Noting that many New Yorkers “felt forgotten” in the presidential election, state Assemblywoman Sandy Galef will host a Jan. 12 public forum in Croton-on-Hudson on replacing the Electoral College with a national popular vote.
The forum will be from 6:30 to 8:30 p.m. at the Croton Free Library. Speakers will include state Assemblyman Jeff Dinowitz, sponsor of a state bill this year that secured New York’s place in the National Popular Vote Compact, which would bind states to award their electoral votes to the winner of the nationwide popular vote but would only take effect when enough states have passed identical legislation to comprise a majority of the Electoral College’s 538 votes. The compact now has 165, or 61 percent, of the necessary 270 electoral votes.
Also scheduled to speak at the forum are Hendrik Hertzberg, political analyst for The New Yorker magazine and board member of Fairvote.org, and Jeanne Zaino, professor of political science and international studies at Iona College
Galef, an Ossining Democrat whose 95th Assembly district includes parts of Westchester, Putnam and Dutchess counties, in an op-ed to the Business Journal said New York was one of 25 states where the major presidential candidates had “very limited campaign efforts” after their party nominating conventions last summer.
“We provide donations of time and money but we are told to call or visit other states, and 94 percent of campaign funding is spent in only 12 states,” she wrote. “These ‘swing’ states, showing up purple on our computers and televisions, seem to be the only places that matter in our elections.”

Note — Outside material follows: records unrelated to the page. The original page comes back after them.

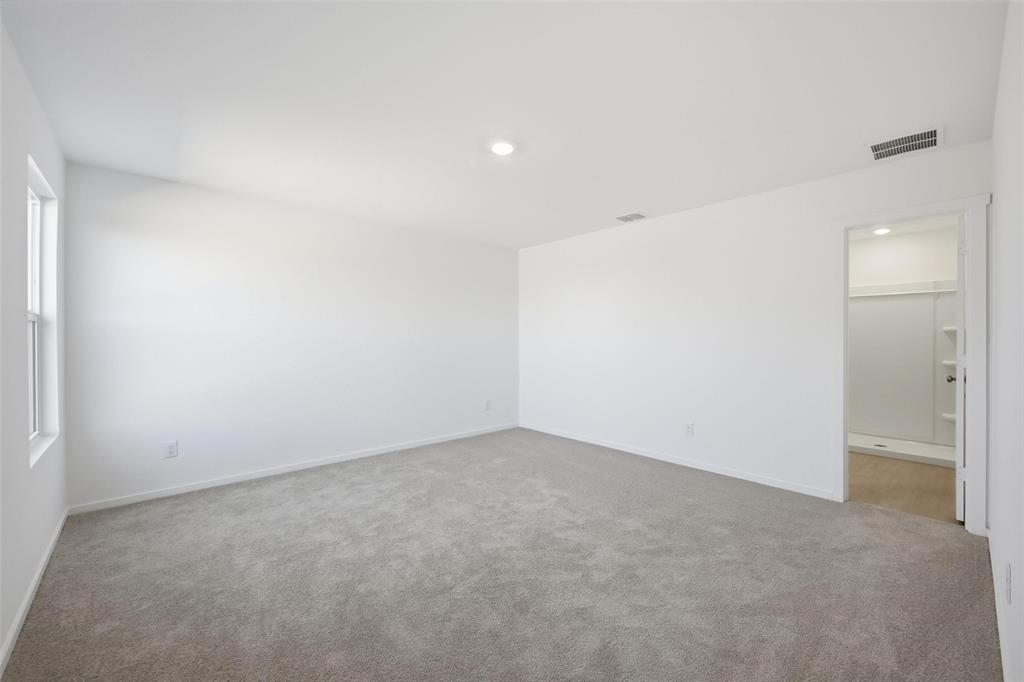 1613 Elliott Road Howe, TX 75459 - Photo 10 of 19 an empty room with an entryway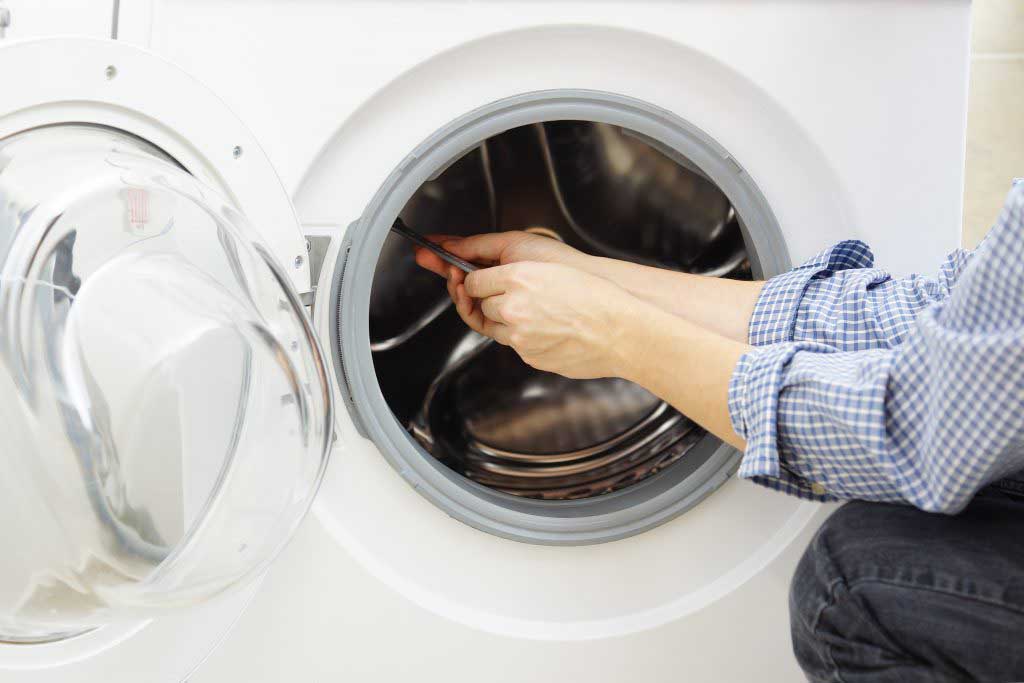 An appliance repair technician working on a front loading washer/dryer
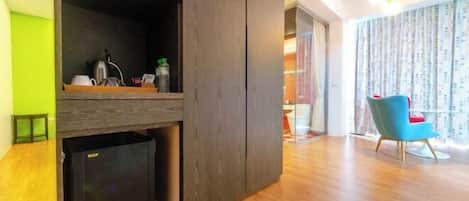 Uma sala de estar moderna com área de cozinha integrada, uma cadeira azul e piso de madeira.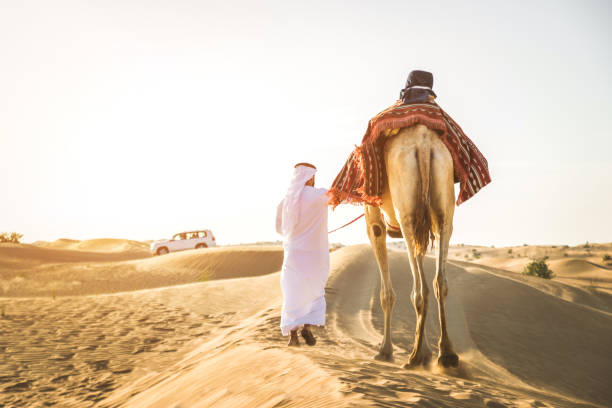 istock Arabian man with camel in the desert 1166640613
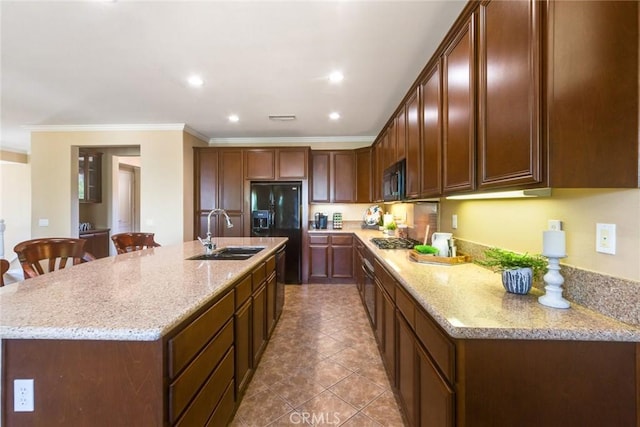 kitchen featuring a center island with sink, black appliances, light stone countertops, and sink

“But the problem does not end when the election is concluded. The ‘battleground’ states receive 7 percent more federal grant aid than the states that consistently lean toward the same party. Our states face the same problems: mass transportation, inadequate affordable housing, aging infrastructure and support for public schools are issues in New York too.”
Galef said the community discussion was prompted by phone calls and “an overwhelming number” of emails she has received from constituents with questions and interest in changing from the Electoral College system to a national popular vote.
“As our nation is changing, the choices before us are to continue the Electoral College as it is or to look toward amending the constitution or adopting the National Popular Vote,” Galef said.